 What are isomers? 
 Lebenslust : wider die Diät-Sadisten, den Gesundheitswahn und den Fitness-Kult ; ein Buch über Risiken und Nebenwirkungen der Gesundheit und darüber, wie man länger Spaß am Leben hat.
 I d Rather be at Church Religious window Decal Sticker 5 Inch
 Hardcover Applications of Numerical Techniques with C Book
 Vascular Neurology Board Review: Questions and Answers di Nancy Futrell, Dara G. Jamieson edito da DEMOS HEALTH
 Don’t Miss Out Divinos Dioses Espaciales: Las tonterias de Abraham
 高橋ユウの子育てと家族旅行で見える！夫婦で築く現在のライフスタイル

==

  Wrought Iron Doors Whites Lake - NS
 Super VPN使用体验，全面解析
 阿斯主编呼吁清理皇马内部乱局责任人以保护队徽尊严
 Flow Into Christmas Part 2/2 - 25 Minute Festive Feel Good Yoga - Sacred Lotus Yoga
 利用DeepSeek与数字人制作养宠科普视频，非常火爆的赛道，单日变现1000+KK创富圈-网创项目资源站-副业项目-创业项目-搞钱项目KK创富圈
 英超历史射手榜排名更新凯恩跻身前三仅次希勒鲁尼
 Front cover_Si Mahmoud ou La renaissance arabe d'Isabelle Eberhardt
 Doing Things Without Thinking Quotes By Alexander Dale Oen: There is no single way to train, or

■ **Work instructions**: After locating the line holding "What are isomers?" above, output exactly that line and every line after it through the line holding "I d Rather be". Include nothing else.

■ **Output**:
 What are isomers? 
 Lebenslust : wider die Diät-Sadisten, den Gesundheitswahn und den Fitness-Kult ; ein Buch über Risiken und Nebenwirkungen der Gesundheit und darüber, wie man länger Spaß am Leben hat.
 I d Rather be at Church Religious window Decal Sticker 5 Inch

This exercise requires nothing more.